Flexi uses system fonts. It supports special fonts like Casfonts which needs to be installed separately, but regularly any font available in the OS can be used.

Perhaps, there could be a problem with nearly 20 year old Flexi 6.6 files and font ids.
 

Bobby H

Arial Sucks.
I have a fairly big collection of old CASmate SCF fonts, some of which were copied from stacks of 3.5" floppy discs. Way back then CASmate had a font conversion utility that could convert True Type fonts to SCF format. I don't remember if the utility worked with Postscript Type 1 fonts. I don't think it did. Not that it made all that much of a difference. In the early 1990's I was doing more and more of the design work in Windows using CorelDRAW and Adobe Illustrator then exporting the artwork so it could be brought into CASmate, which at first was running in freaking MS-DOS. Then it moved over to Windows.

One of the nice things about the Scanvec-Amiable Technologies merger back in the 1990's was newer versions of Flexi following that merger could read CASmate SCV files and use CASmate SCF fonts. "Installing" the fonts doesn't take any more effort than dropping the SCF files into proper folder. I don't know if the same thing applies to the Vinyl Express LXi application sold by Sign Warehouse.
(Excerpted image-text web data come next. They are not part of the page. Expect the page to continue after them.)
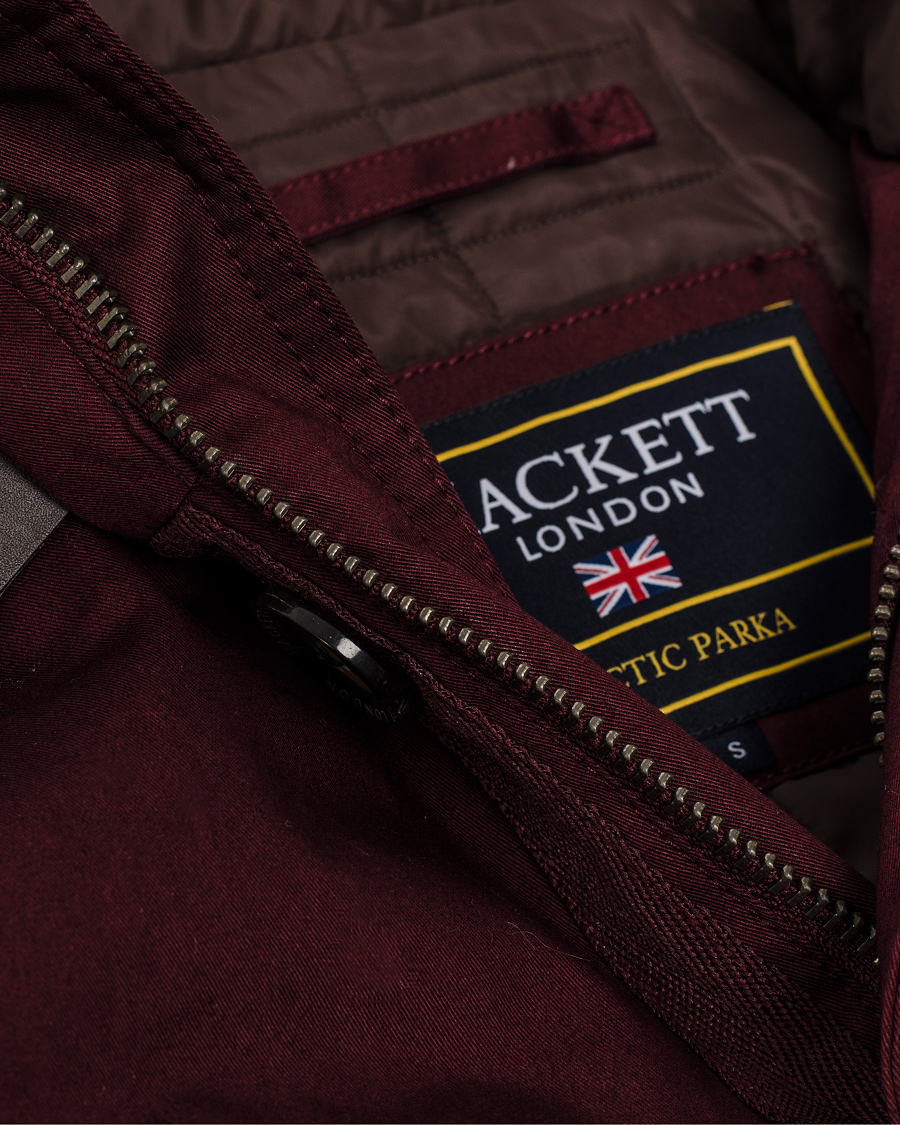 Herr | Jackor | Hackett | Arctic Parka Wine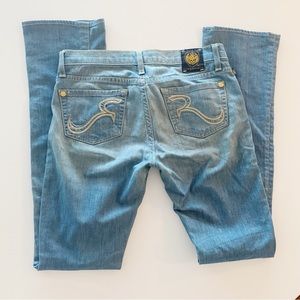 Rock and Republic Low-Rise Flare Jeans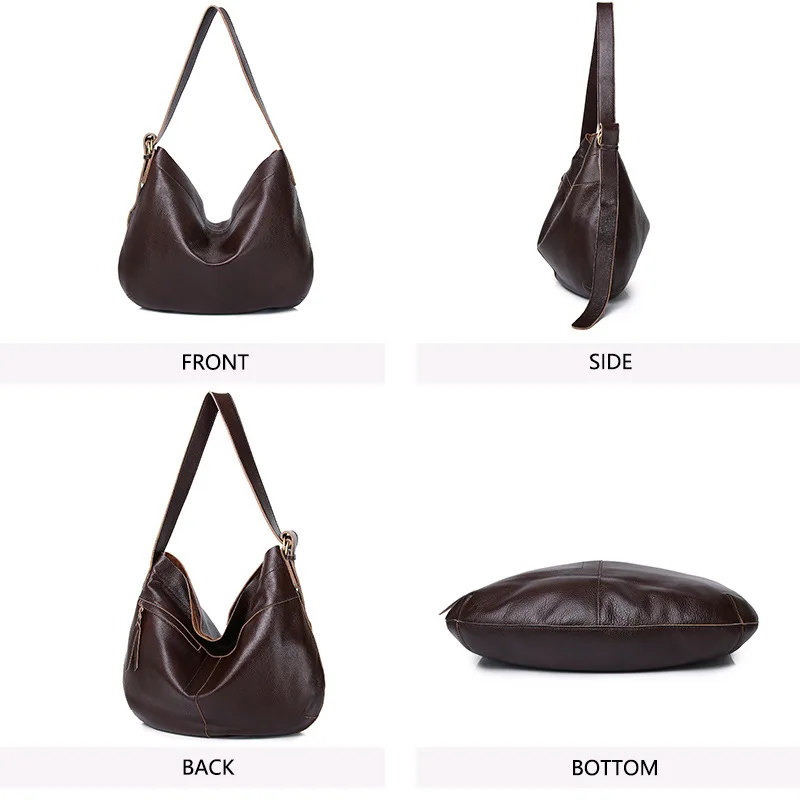 Motingsome Ретро сумки на плечо из 100% натуральной кожи женская сумка роскошная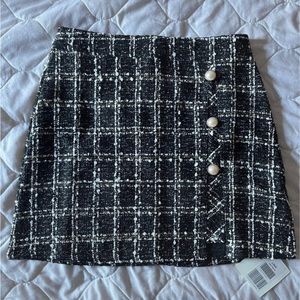 Black Check Skirt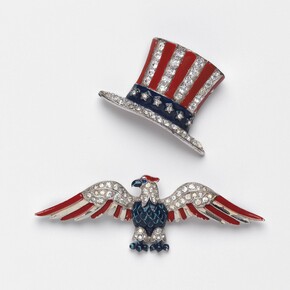 Madeleine Albright, Uncle Sam Top Hat and Eagle. Circa 1940. Trifari, USA. Photo by John Bigelow Taylor.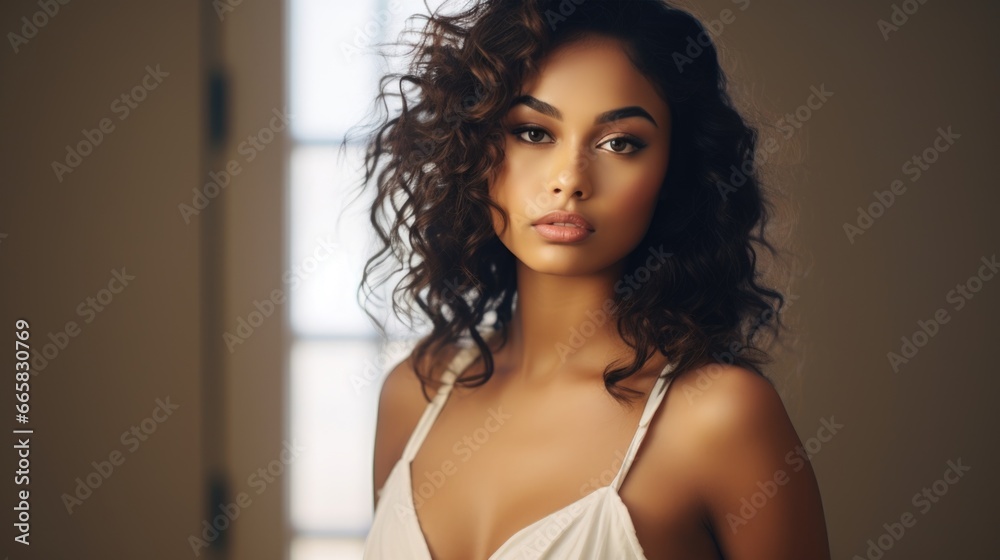 photo portrait of a beautiful dark-skinned young woman. Fashion and beauty. photo portrait of a beautiful dark-skinned young woman. Fashion and beauty.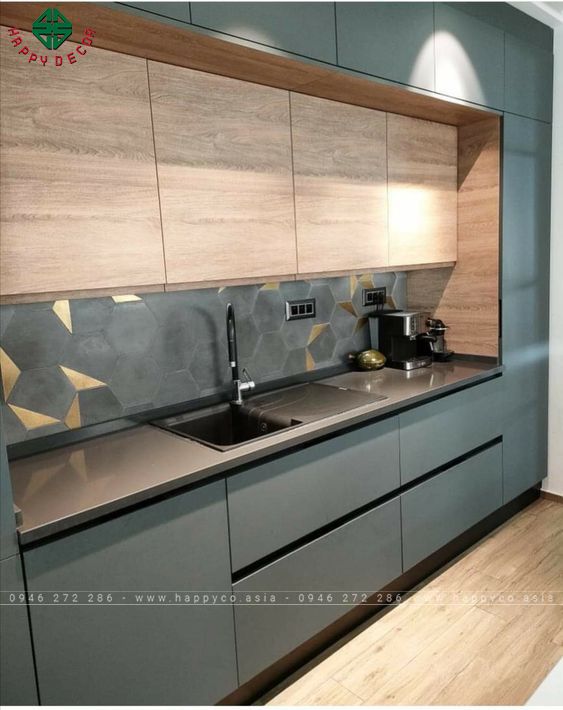 Tránh kim loại quá nhiều trong phòng bếp cho người mệnh Mộc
The application is very much like Flexi, but I don't know if it can use CASmate SCF fonts.
 

WildWestDesigns

Active Member
In the early 1990's I was doing more and more of the design work in Windows using CorelDRAW and Adobe Illustrator then exporting the artwork so it could be brought into CASmate, which at first was running in freaking MS-DOS. Then it moved over to Windows.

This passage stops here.